## Assignment
A faithful copy is needed of the lines below from the one with "Soft TPU Case" up to and including the one with "Ang Pagsinta ng Diyos Ang"; set it down with no pictures and no other lines.

Working data section start

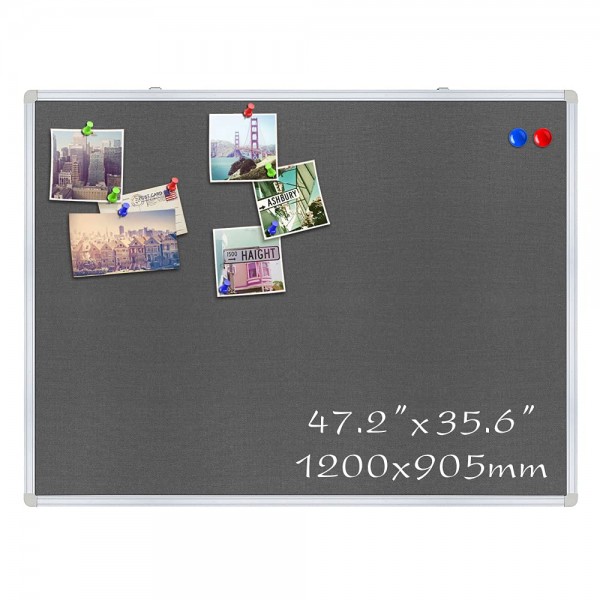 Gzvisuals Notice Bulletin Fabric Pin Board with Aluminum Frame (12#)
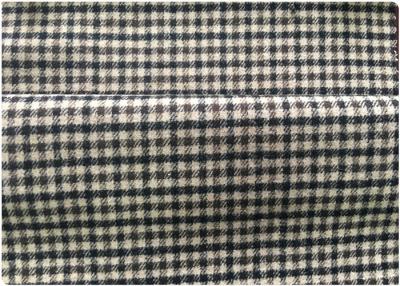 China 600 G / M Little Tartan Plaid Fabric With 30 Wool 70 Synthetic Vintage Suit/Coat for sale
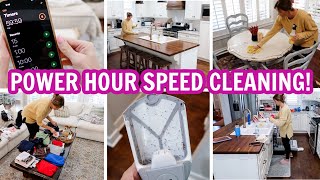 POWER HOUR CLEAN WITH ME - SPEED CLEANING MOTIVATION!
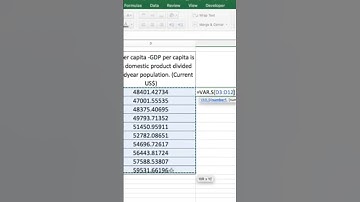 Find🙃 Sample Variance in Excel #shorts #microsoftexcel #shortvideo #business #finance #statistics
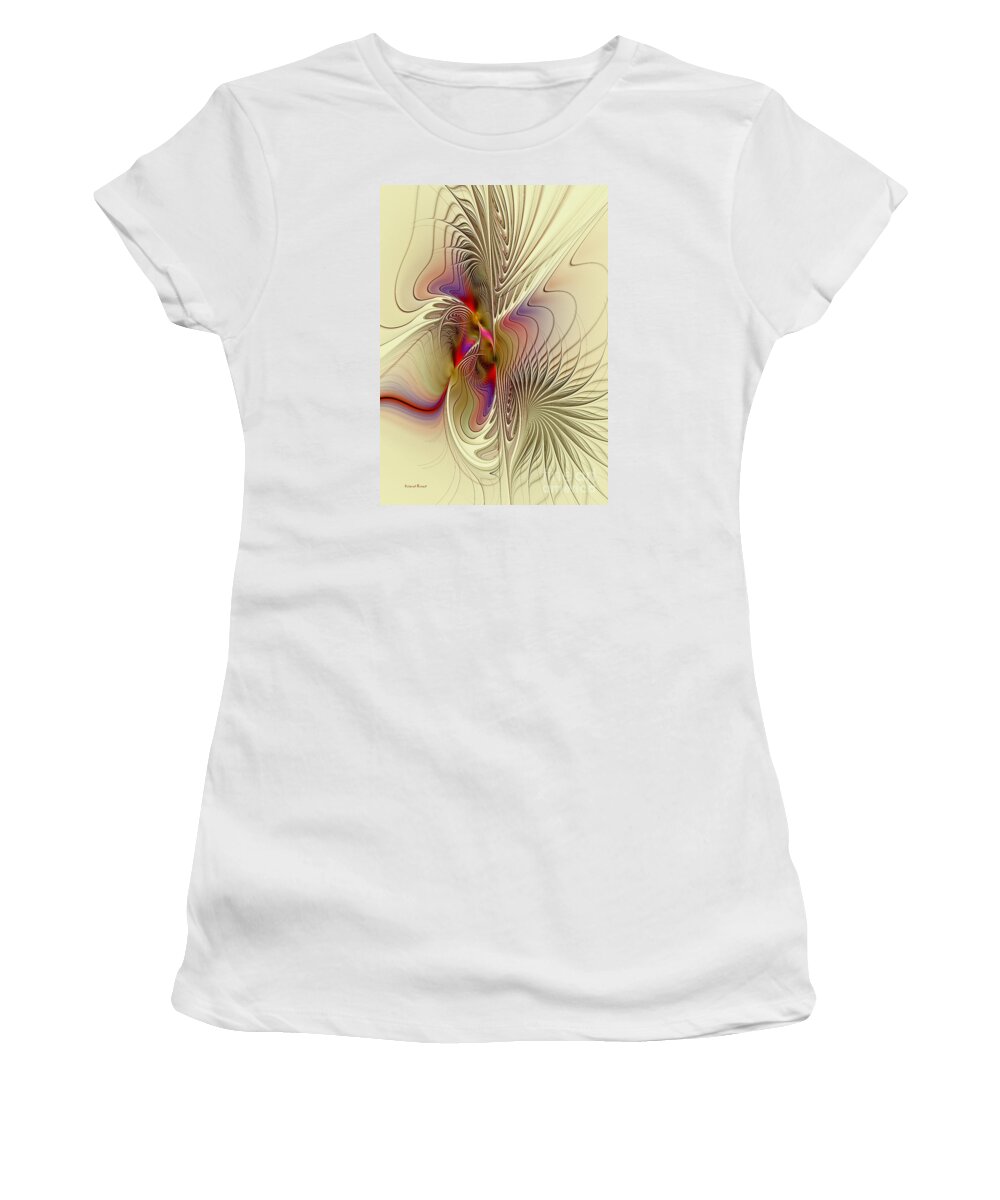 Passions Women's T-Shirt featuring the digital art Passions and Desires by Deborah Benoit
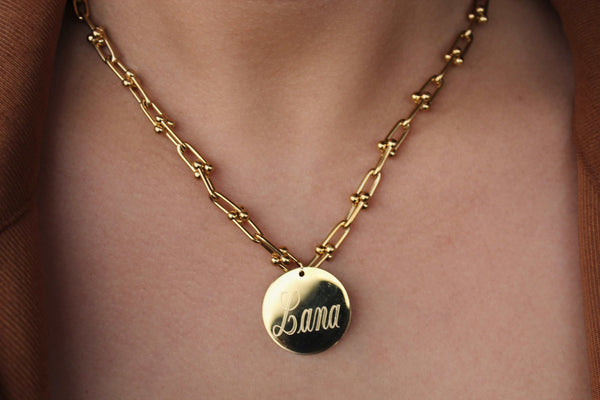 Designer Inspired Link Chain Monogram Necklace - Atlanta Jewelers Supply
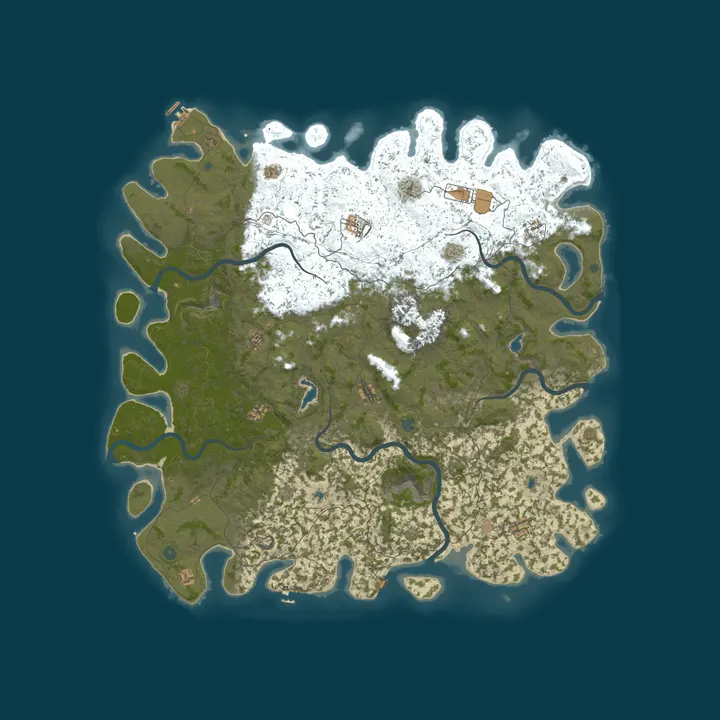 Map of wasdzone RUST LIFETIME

Working data section end
Working data section start

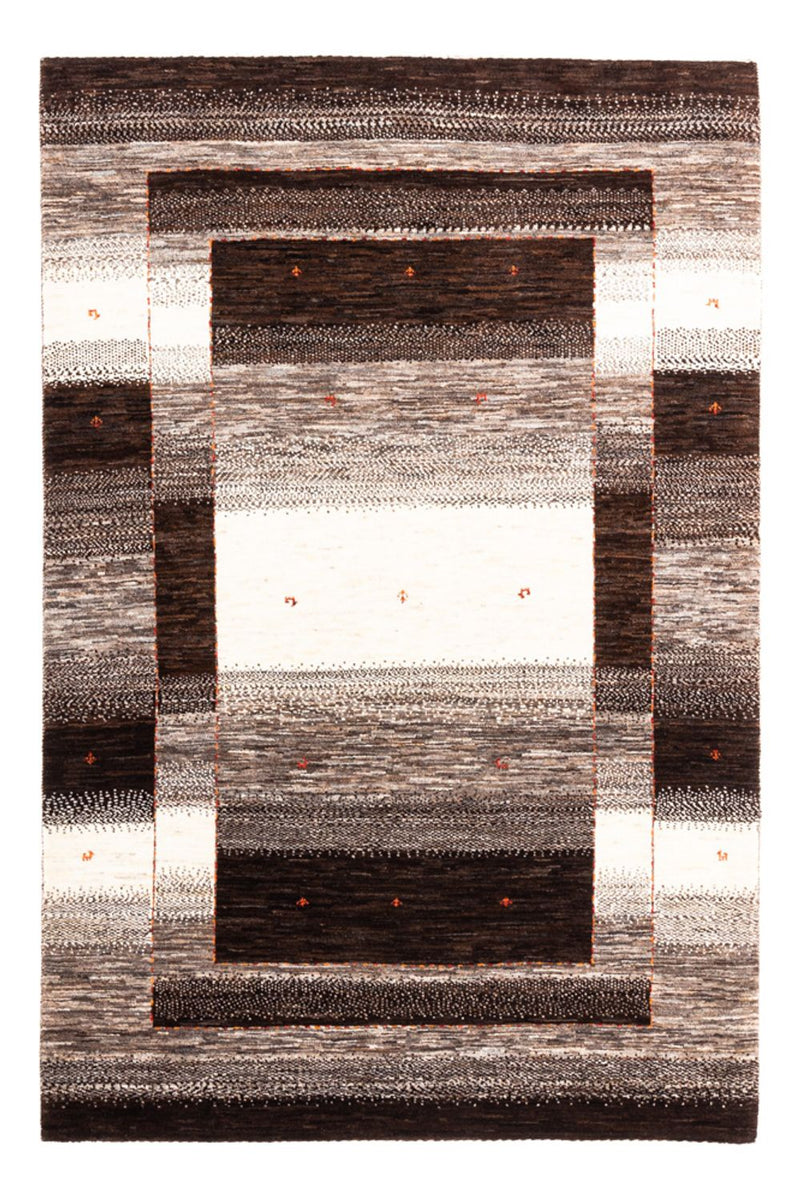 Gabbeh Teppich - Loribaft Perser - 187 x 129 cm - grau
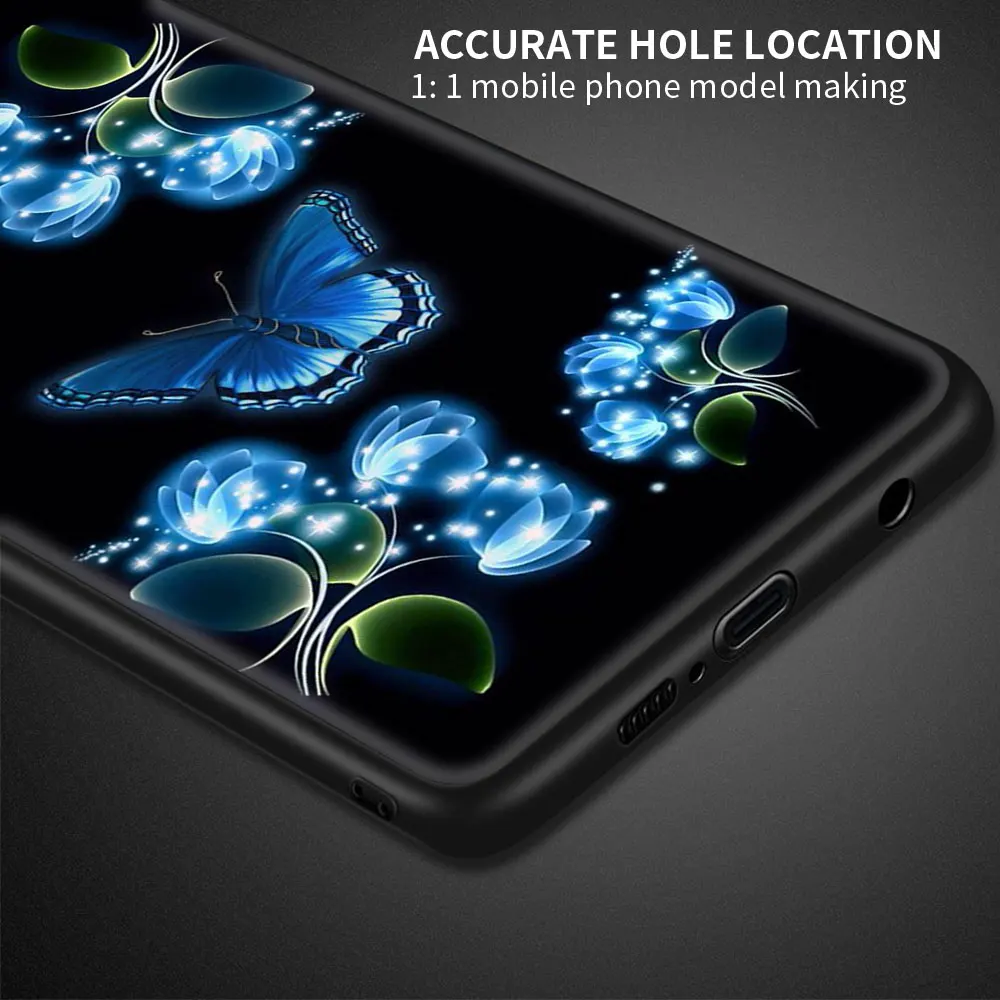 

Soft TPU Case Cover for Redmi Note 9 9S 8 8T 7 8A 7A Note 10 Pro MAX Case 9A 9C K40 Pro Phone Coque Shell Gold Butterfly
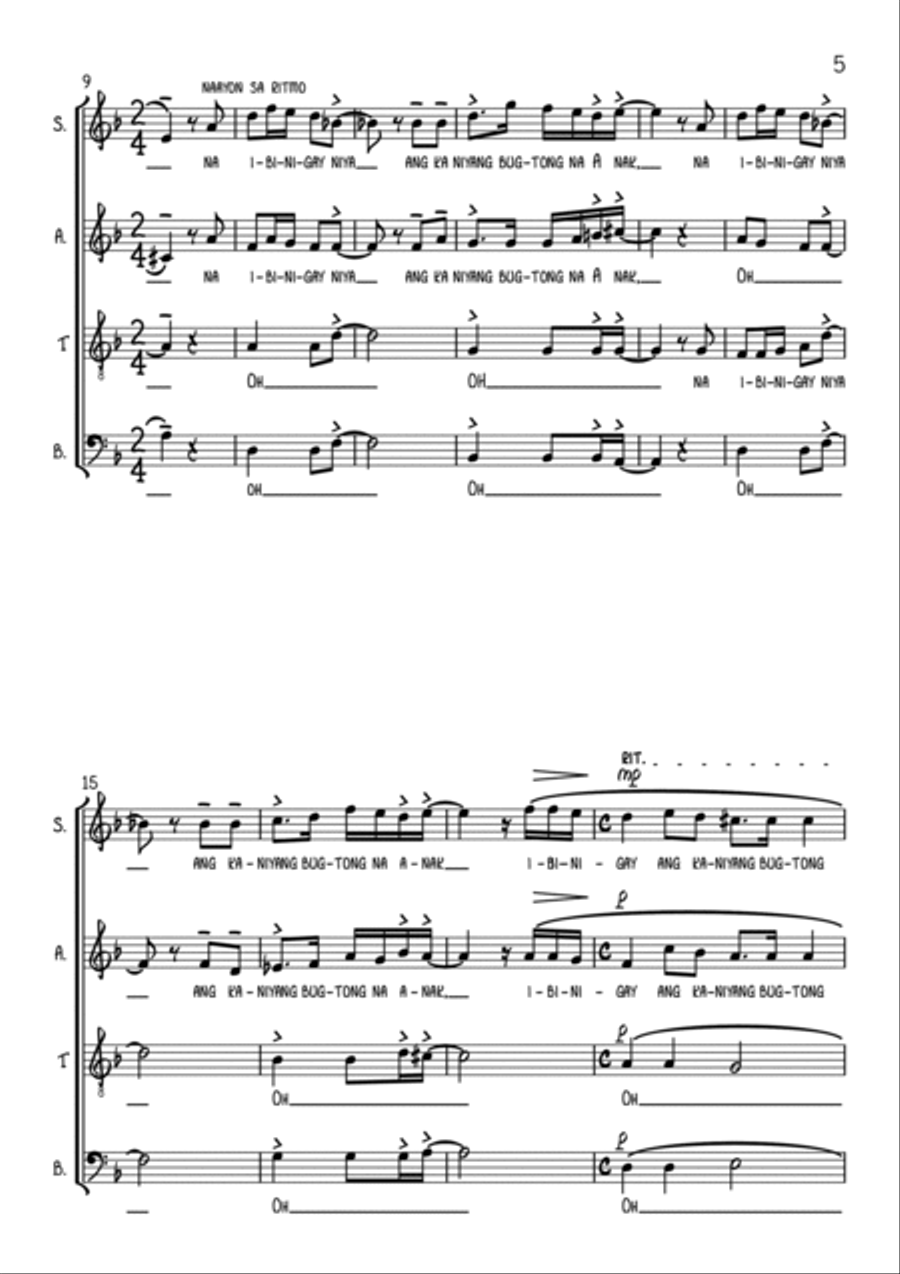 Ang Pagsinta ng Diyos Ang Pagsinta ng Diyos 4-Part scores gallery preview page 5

Working data section end

## Solution to the exercise
Soft TPU Case Cover for Redmi Note 9 9S 8 8T 7 8A 7A Note 10 Pro MAX Case 9A 9C K40 Pro Phone Coque Shell Gold Butterfly
 Ang Pagsinta ng Diyos Ang Pagsinta ng Diyos 4-Part scores gallery preview page 5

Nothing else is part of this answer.